By showing you how to articulate your own beliefs as they pertain to the practical and spiritual aspects of the Craft, Raven Grimassi encourages you to break free from the constructs of preexisting or outdated magical structures. Working through this book will show you how to build your own tradition from the ground up, making you stand at the forefront of a Craft tradition that is tailored to your own personal ideologies.

Whether you are a solitary witch or a member of a new or existing coven, all practitioners will benefit from an in-depth study of their own core magical beliefs, as encouraged by the author. From exploring your beliefs on the witch’s god and goddess, the seasonal calendar, lunar and solar mysteries, as well as the practice of magic itself, each witch can rise up with a newfound sense of empowerment.

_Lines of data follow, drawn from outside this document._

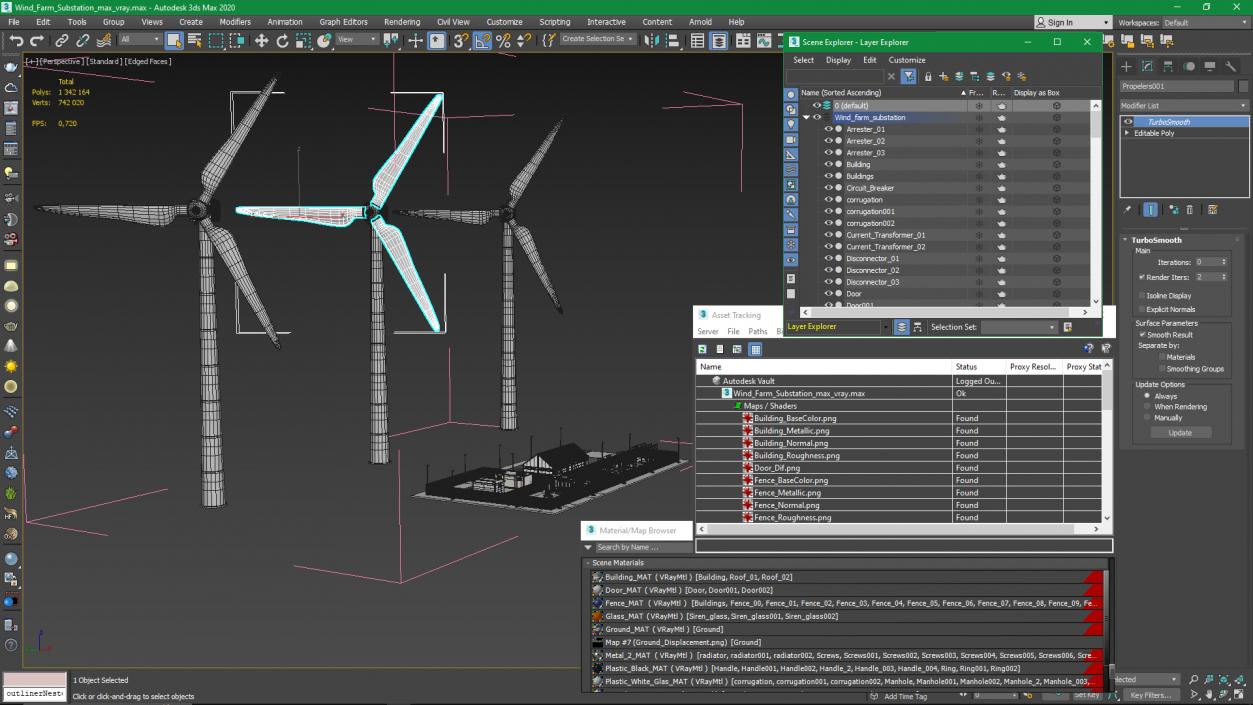 3D model Wind Farm Substation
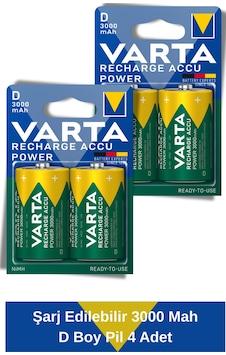 Power Şarj Edilebilir 3000mah D Boy Pil 4 Adet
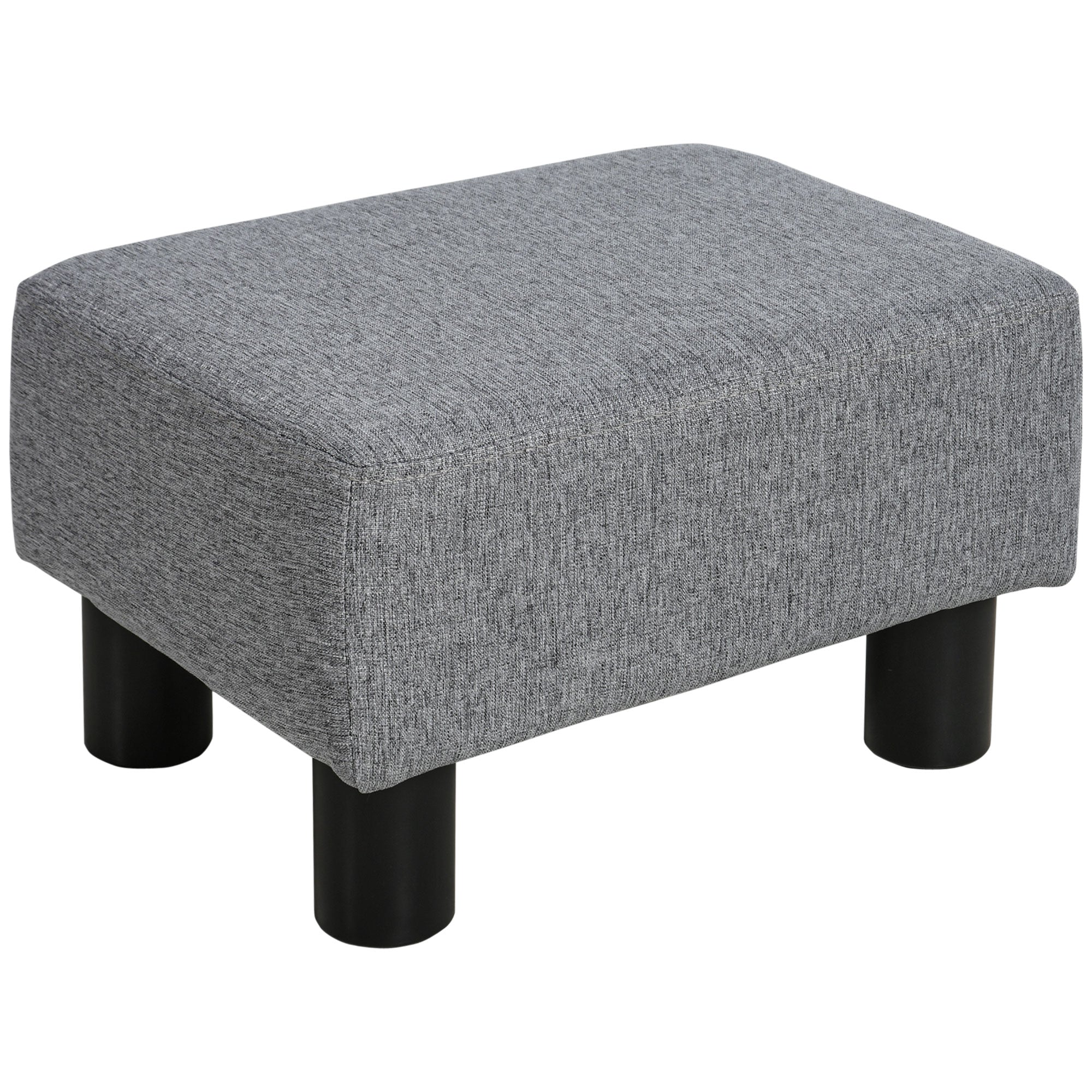 Ottoman Foot Rest, Small Foot Stool with Linen Fabric Upholstery and Plastic Legs, Cube Ottoman for Living Room, Gray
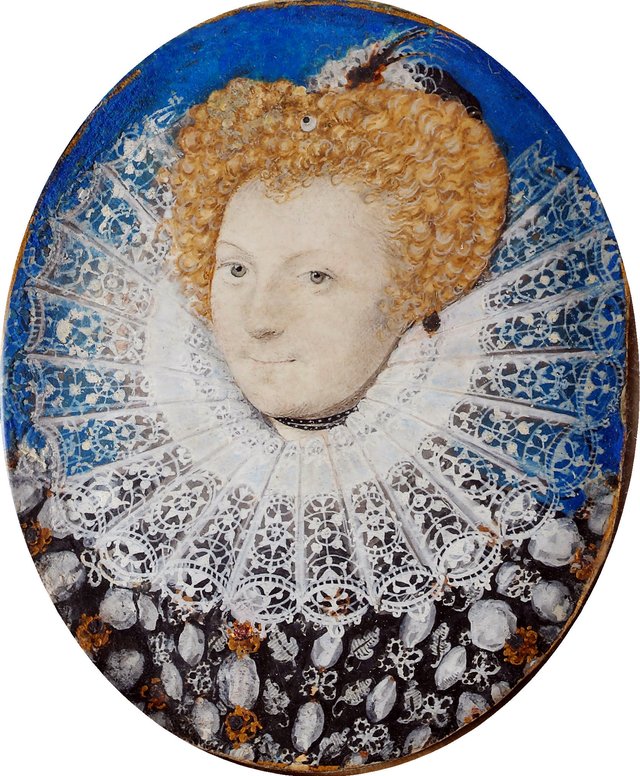 Portrait miniature of a Noblewoman, possibly of Elizabeth, Lady Leighton by Nicholas Hilliard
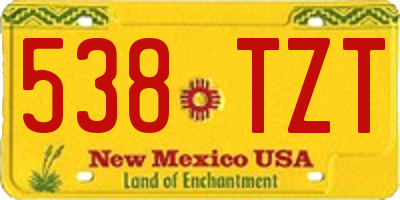 NM license plate 538TZT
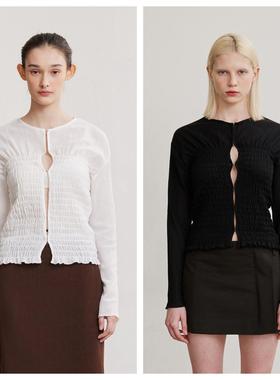 韩国AFTERHOURS直邮代购2024春秋女装气质高级褶皱衬衫长袖上衣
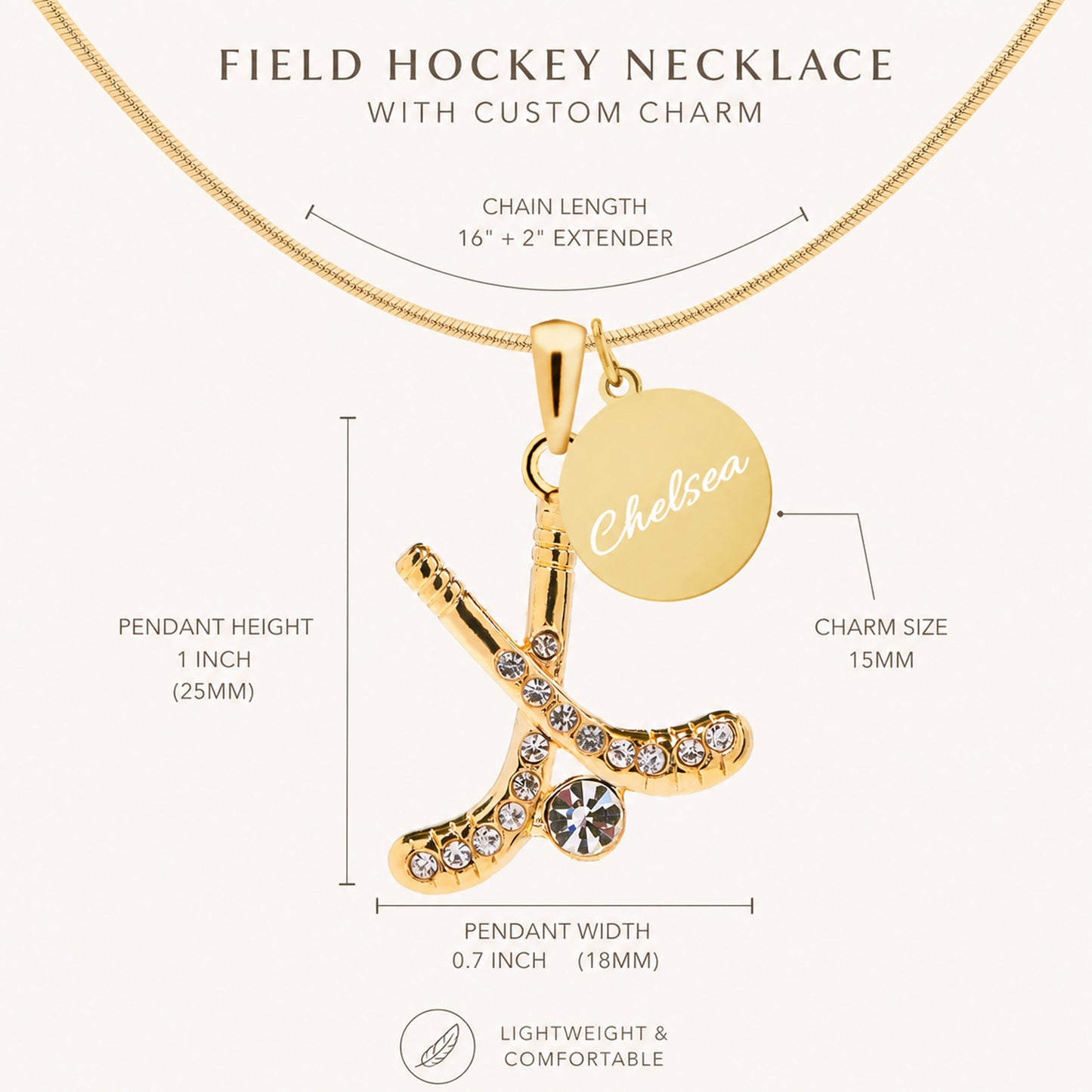 Personalized Rhinestone Field Hockey Necklace with Coin Charm
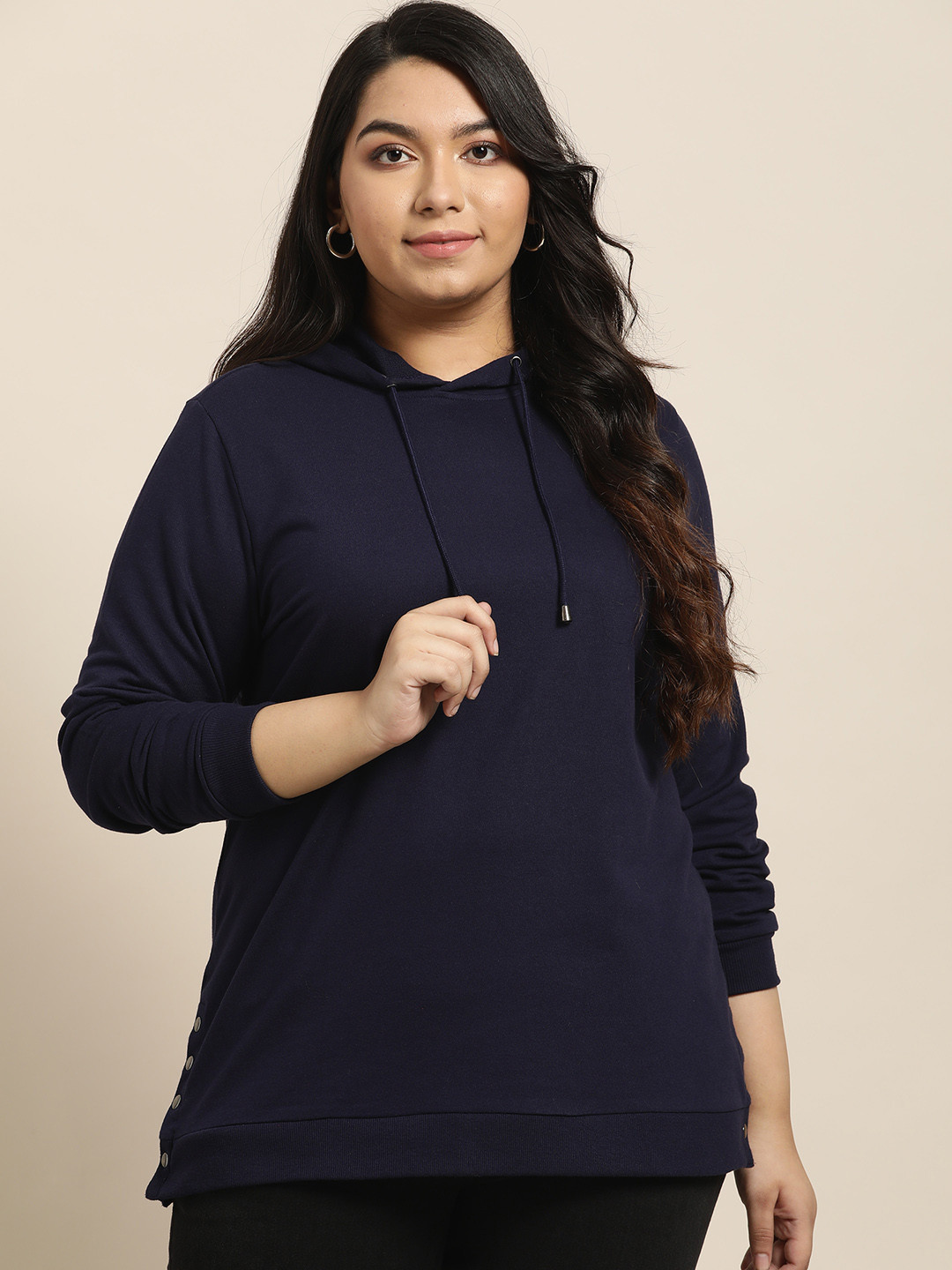 

Sztori Women Plus Size Navy Blue Solid Hooded Sweatshirt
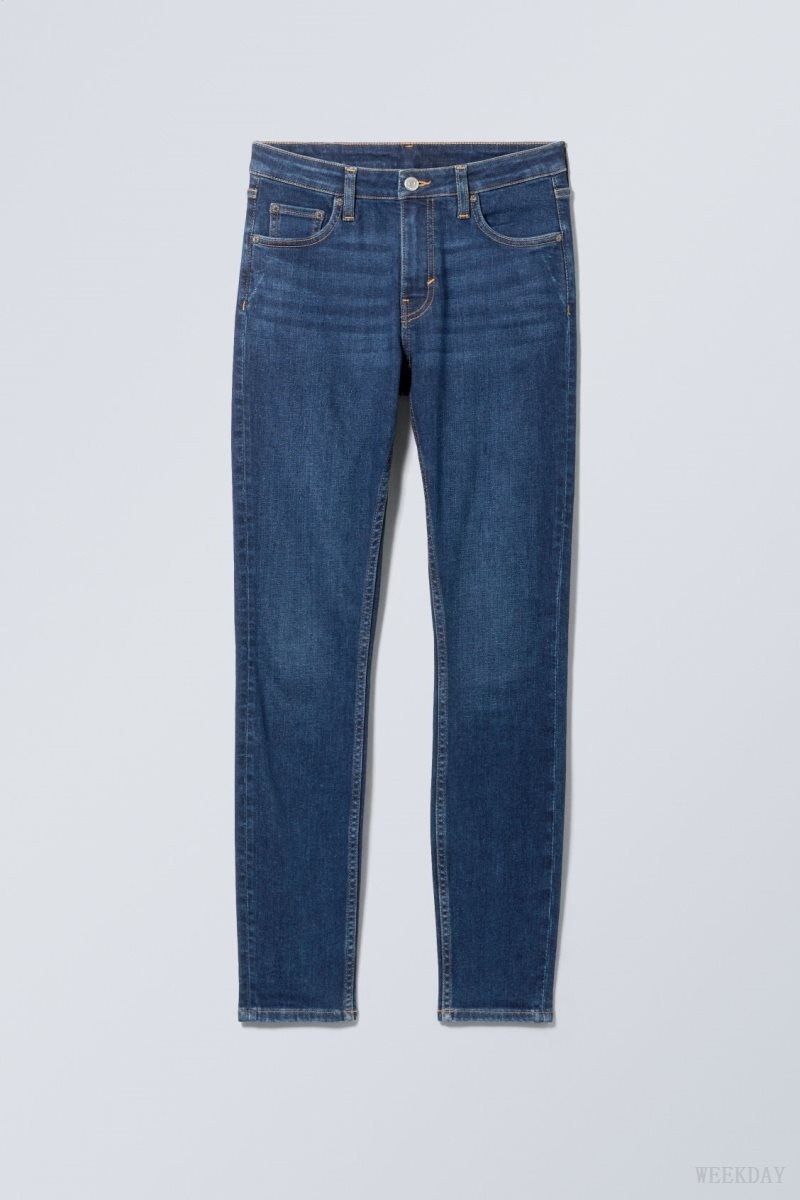 Weekday Spare Mid Skinny Jeans Blue | EMJG8485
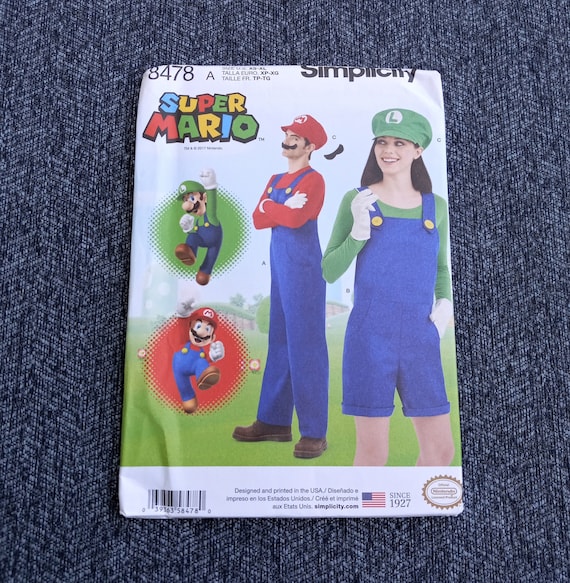 Super Mario Costume Pattern Mario and Luigi Simplicity 8478 - Etsy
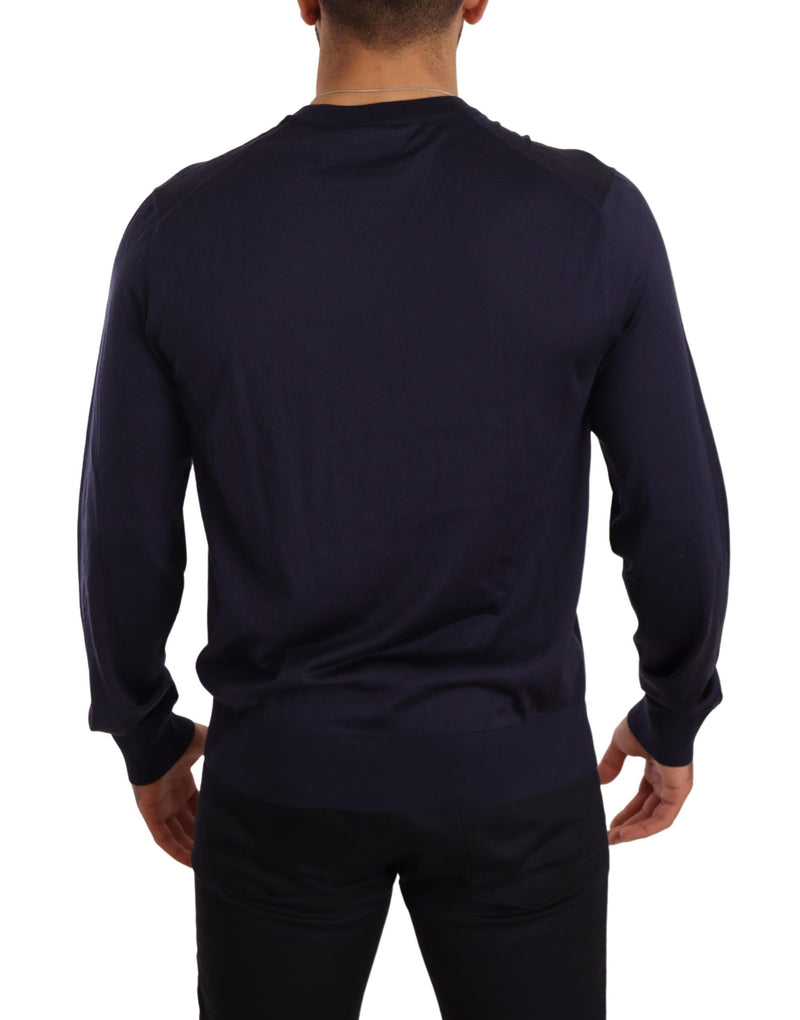 Dark Blue Silk Vneck Long Sleeves Tee Sweater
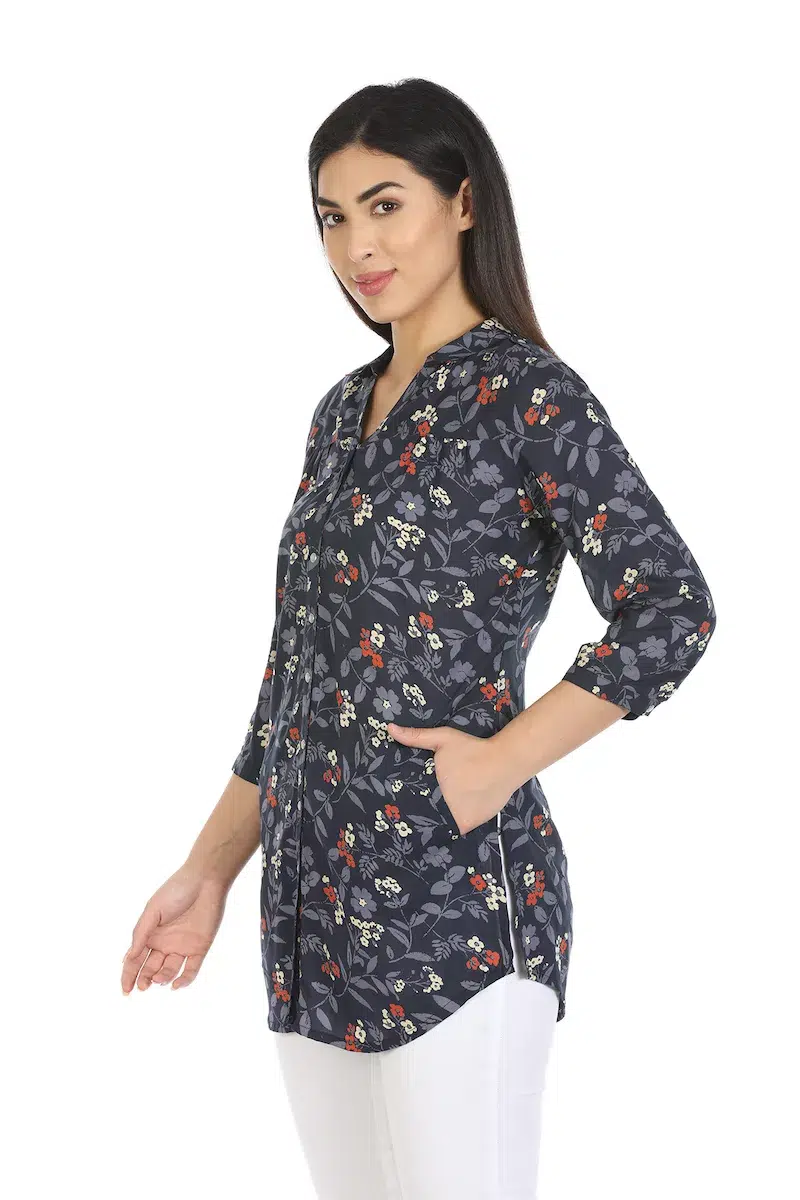 Navy Printed Top For Women Online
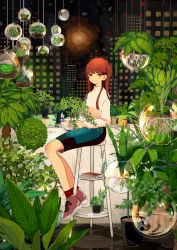 Rule 34 | 1girl, apron, balcony, blunt bangs, bonsai, book, bookmark, bowl, building, chair, city, garden, glass, green eyes, highres, holding, lamp, leaf, long hair, long sleeves, looking at viewer, md5 mismatch, night, night sky, on chair, original, pencil skirt, plant, potted plant, red footwear, red hair, red socks, resolution mismatch, shoes, sitting, skirt, sky, sneakers, socks, solo, source smaller, sumomo (woooooxoxo), sweater, turtleneck, vines, water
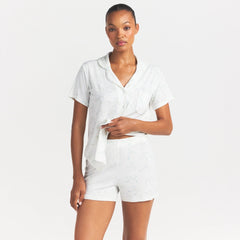SOFT LOUNGE SHORT SLEEP SET | IVORY PEARL BOWS PRINT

With a simple yet detailed prose, one of our late elders guides the path through a series of ideas, important aspects worth considering carefully when creating a Witchcraft tradition. Grimassi explores all the big and small details, from the holidays to the tools and management of a tradition that might or might not result in a coven.

While several binary and gendered ideas are included, Raven Grimassi does so to teach the readers about the traditional, basic ideas that have been in place for a long time. Those guidelines can be changed to suit each group and their needs. I liked how he explained different formats, not only the Goddess-God binary approach so popular in Wicca branches, but also alternatives such as working with the Oak King and Holly King.

While not perfect in every aspect, Crafting a Tradition of Witchcraft is a fascinating addition to the modern reader and the new generation of witches. We live in very stressful times, and need creates change. There is a need for a Witchcraft that listens to what we are going through, a Witchcraft that makes sense of injustice, fear, and bigotry, and teaches how to fight back, a Witchcraft that gives hope and healing when there seems to be none.

I don’t mean to say that the traditions that are here right now are useless. Far from that. But we need to know exactly how those traditions adapt to our needs. As Gustav Mahler said, “Tradition is not the worship of ashes, but the preservation of fire.”

Fire burns as long as we take care of it, recognize what it needs, and how to keep it alive. We can’t do it the same way during summer and winter. Raven Grimassi also kept this in mind. A tradition doesn’t stay frozen in time, but grows with its members as they shape its ideas and work.

Only one thing took me out of the reading and genuinely bothered me: the repetition of phrases like “we will see more of this in X chapter.” It seemed repetitive and useless because I knew what to expect from each chapter. An early mention of this or that topic is just an aperitif of sorts if we’re not on that specific chapter, so I saw no need at all to include this so often.

Addictive from the beginning to end, Crafting a Tradition of Witchcraft is a powerful book that empowers the witch in need of change, of reflecting their idea(l)s in the practice, while also constructing a system that makes sense. I would recommend it to both witches looking to create a personal practice and to groups looking to establish a formal tradition. Regardless of the case, there is a lot of insight that will help the reader.

Thanks to Crossed Crow Books for the review copy!